_Goal of the exercise_
Only lines containing the string "Corner" belong in the answer; copy all of them from the entries.
* * * * *
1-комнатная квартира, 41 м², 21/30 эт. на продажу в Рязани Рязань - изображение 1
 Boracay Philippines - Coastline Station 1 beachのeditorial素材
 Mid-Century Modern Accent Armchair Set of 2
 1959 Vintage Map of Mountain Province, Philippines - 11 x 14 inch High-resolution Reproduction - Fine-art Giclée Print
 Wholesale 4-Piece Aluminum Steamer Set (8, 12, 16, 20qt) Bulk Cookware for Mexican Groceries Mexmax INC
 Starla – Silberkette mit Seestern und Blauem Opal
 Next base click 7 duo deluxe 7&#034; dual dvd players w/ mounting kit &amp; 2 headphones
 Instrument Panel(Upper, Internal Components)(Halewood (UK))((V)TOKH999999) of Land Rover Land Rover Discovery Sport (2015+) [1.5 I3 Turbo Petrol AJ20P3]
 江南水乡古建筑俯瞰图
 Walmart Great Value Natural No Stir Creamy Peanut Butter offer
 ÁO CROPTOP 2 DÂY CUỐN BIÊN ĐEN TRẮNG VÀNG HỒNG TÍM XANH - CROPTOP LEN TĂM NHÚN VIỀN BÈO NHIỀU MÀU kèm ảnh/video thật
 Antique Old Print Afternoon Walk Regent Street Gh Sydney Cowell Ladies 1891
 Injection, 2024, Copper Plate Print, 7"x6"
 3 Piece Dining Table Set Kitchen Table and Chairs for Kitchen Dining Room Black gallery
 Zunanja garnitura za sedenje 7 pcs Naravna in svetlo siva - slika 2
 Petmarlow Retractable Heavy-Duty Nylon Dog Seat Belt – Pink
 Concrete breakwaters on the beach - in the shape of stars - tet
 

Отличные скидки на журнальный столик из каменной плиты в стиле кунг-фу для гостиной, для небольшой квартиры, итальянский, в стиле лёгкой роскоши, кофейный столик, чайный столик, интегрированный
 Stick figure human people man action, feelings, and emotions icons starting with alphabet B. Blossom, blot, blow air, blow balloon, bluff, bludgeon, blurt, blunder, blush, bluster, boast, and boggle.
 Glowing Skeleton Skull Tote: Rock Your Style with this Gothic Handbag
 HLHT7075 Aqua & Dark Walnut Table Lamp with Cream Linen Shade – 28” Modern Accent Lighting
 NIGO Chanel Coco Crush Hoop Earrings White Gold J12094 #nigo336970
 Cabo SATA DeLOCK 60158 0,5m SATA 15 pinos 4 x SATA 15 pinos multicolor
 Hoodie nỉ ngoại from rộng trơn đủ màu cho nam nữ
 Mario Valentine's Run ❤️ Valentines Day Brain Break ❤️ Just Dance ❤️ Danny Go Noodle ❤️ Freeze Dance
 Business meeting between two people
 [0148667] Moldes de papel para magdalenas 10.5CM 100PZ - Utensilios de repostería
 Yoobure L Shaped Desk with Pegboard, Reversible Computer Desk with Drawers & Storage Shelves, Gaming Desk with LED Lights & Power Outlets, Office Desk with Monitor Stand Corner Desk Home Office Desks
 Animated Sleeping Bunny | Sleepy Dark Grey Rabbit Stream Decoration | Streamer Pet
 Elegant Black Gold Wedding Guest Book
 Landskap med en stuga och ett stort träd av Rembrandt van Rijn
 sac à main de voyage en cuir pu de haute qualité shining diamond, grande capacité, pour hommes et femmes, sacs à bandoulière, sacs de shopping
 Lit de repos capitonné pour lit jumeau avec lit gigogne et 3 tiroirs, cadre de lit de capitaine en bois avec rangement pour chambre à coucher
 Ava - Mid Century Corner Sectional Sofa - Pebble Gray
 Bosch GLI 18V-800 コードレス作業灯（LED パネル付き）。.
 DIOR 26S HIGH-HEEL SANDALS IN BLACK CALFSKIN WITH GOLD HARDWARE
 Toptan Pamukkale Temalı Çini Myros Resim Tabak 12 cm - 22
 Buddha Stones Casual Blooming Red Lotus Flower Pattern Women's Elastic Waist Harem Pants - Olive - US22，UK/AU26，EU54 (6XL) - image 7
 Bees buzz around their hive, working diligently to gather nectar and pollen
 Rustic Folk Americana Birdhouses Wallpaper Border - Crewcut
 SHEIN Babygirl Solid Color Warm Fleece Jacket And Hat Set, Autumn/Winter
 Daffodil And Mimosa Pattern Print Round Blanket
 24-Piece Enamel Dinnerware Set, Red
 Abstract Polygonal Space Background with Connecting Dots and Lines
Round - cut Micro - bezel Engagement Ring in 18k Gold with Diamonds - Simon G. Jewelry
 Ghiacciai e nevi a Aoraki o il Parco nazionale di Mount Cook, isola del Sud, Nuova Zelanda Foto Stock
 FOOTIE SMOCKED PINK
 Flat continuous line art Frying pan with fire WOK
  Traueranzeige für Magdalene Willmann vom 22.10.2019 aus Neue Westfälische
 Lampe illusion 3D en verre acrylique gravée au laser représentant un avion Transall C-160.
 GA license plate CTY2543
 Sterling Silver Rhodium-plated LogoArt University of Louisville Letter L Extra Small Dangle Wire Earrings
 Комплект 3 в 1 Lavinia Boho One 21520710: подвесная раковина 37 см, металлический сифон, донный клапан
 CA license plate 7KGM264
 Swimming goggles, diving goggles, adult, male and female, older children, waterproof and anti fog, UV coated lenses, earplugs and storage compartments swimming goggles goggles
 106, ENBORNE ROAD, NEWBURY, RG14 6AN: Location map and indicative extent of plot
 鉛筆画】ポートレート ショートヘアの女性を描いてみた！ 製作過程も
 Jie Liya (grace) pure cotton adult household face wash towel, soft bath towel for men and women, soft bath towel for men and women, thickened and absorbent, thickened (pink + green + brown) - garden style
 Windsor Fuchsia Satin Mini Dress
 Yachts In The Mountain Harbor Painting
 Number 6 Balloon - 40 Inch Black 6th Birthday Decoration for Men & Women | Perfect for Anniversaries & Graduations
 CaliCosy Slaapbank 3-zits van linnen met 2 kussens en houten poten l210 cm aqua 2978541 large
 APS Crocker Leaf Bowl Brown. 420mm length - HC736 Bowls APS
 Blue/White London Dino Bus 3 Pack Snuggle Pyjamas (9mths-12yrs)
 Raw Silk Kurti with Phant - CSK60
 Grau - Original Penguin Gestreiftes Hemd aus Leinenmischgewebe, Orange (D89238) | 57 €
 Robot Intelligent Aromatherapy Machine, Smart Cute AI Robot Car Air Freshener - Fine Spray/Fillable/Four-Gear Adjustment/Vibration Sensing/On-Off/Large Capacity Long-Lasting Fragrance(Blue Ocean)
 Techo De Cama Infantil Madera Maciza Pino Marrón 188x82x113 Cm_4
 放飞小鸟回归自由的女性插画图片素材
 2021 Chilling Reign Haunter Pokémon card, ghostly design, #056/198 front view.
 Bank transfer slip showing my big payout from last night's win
* * * * *
_Response to this exercise_
 Yoobure L Shaped Desk with Pegboard, Reversible Computer Desk with Drawers & Storage Shelves, Gaming Desk with LED Lights & Power Outlets, Office Desk with Monitor Stand Corner Desk Home Office Desks
 Ava - Mid Century Corner Sectional Sofa - Pebble Gray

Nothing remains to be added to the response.